# Problem to work on
Word for word, retype the lines from the one containing "Now let's define" to the one containing "The first thing" below, keeping both end lines and dropping the pictures.

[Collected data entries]

-- Opening Marker --

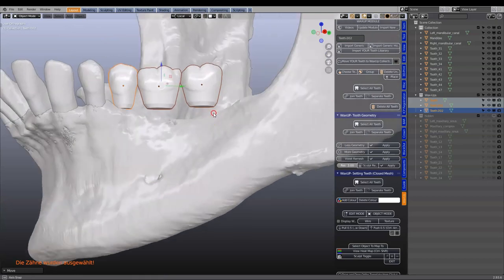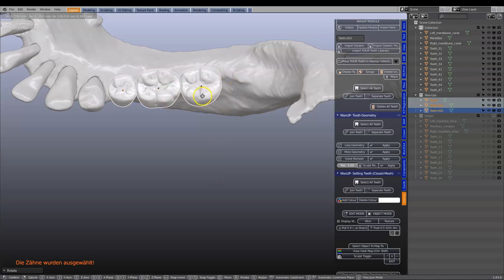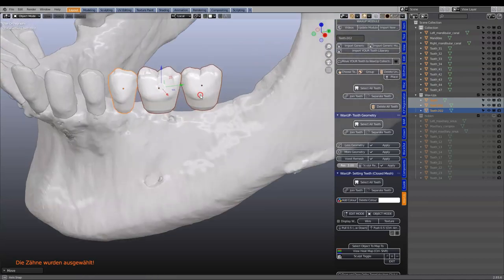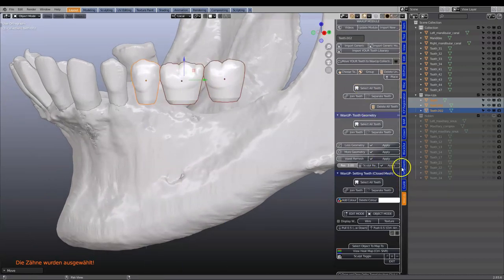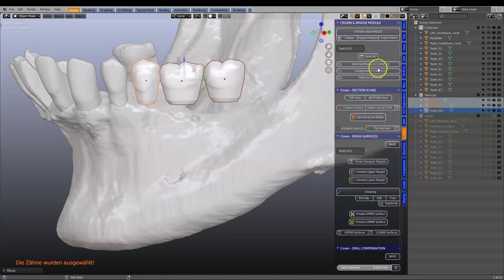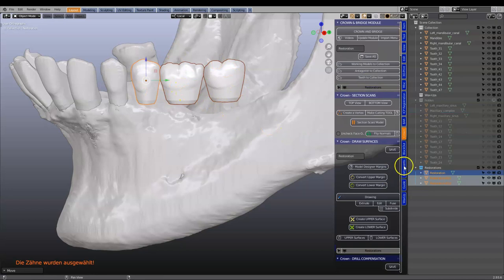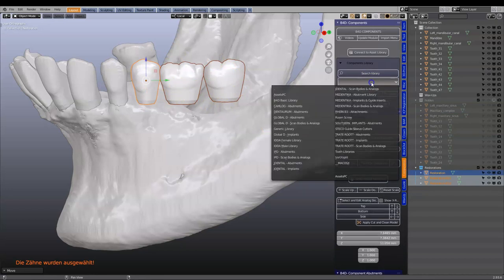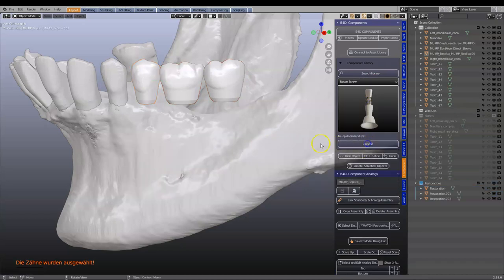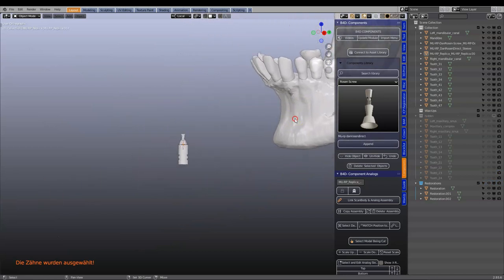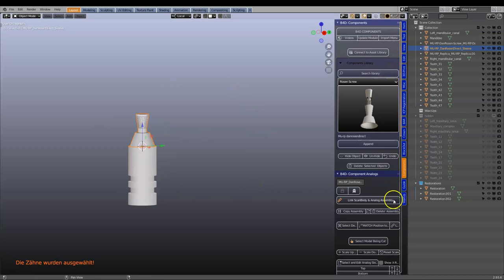Then we're going to bring in a few abutments and put these into the other collection in the crown module, which will then remesh. In the components module I'm going to be looking for the rows and screw, and we're going to import these components. Now there is a multi-unit in here, but you would obviously use your own system.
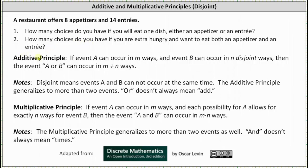Now let's define the additive principle. The additive principle states if event A can occur in M ways and event B can occur in N disjoint ways, where disjoint means events A and B cannot occur at the same time, then the event A or B can occur in M plus N ways.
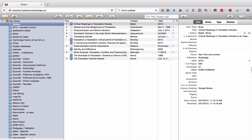The first thing we're going to look at in this video is how you can add child items to the items you've added to your Zotero library. And when I say child items, I'm referring specifically to notes, to attachments, and to cross-references. Let's start with notes.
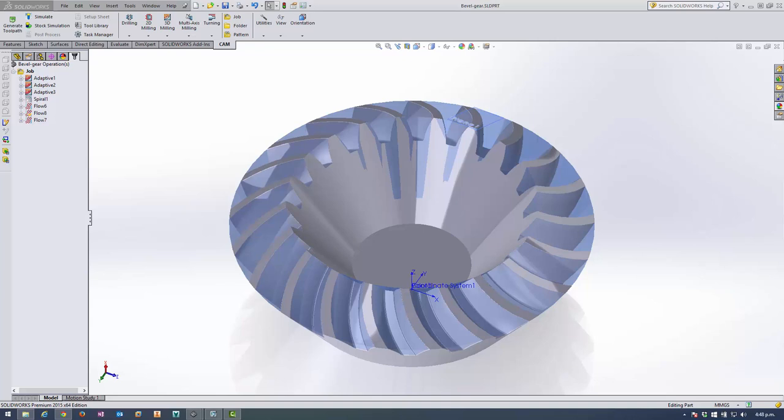I'm going to go through and show a general workflow for machining this gear using 5-axis strategies inside HSM Works and also some machine simulation at the end on a Haas VF3.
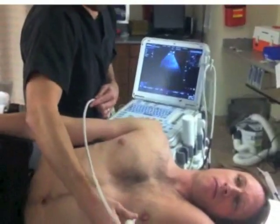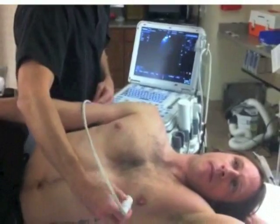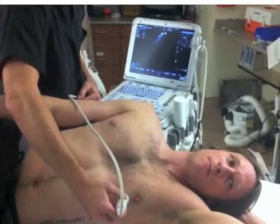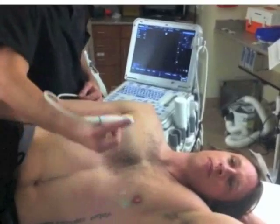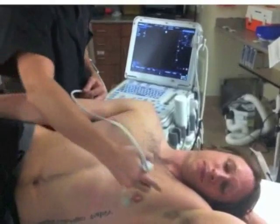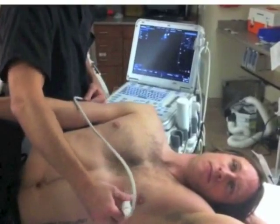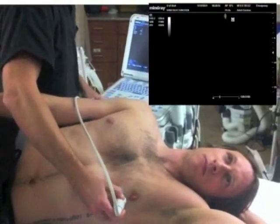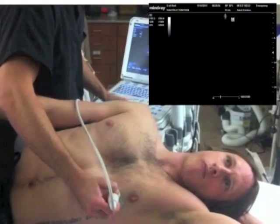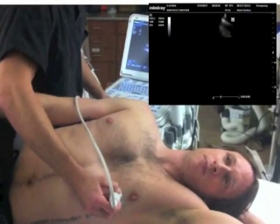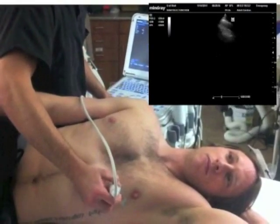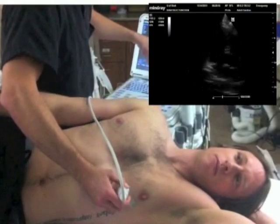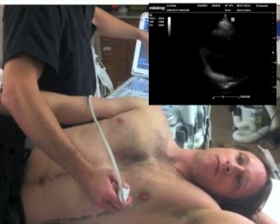So we're going to get started looking for the apical 4-chamber window here on Phil's chest, just going right below the nipple. I usually take the probe marker, point it towards the back of the left axilla or either down to the bed. And when I do that, you usually have to move around a little bit to find the right intercostal space.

-- Closing Marker --

# Answer below
Now let's define the additive principle. The additive principle states if event A can occur in M ways and event B can occur in N disjoint ways, where disjoint means events A and B cannot occur at the same time, then the event A or B can occur in M plus N ways.
The first thing we're going to look at in this video is how you can add child items to the items you've added to your Zotero library. And when I say child items, I'm referring specifically to notes, to attachments, and to cross-references. Let's start with notes.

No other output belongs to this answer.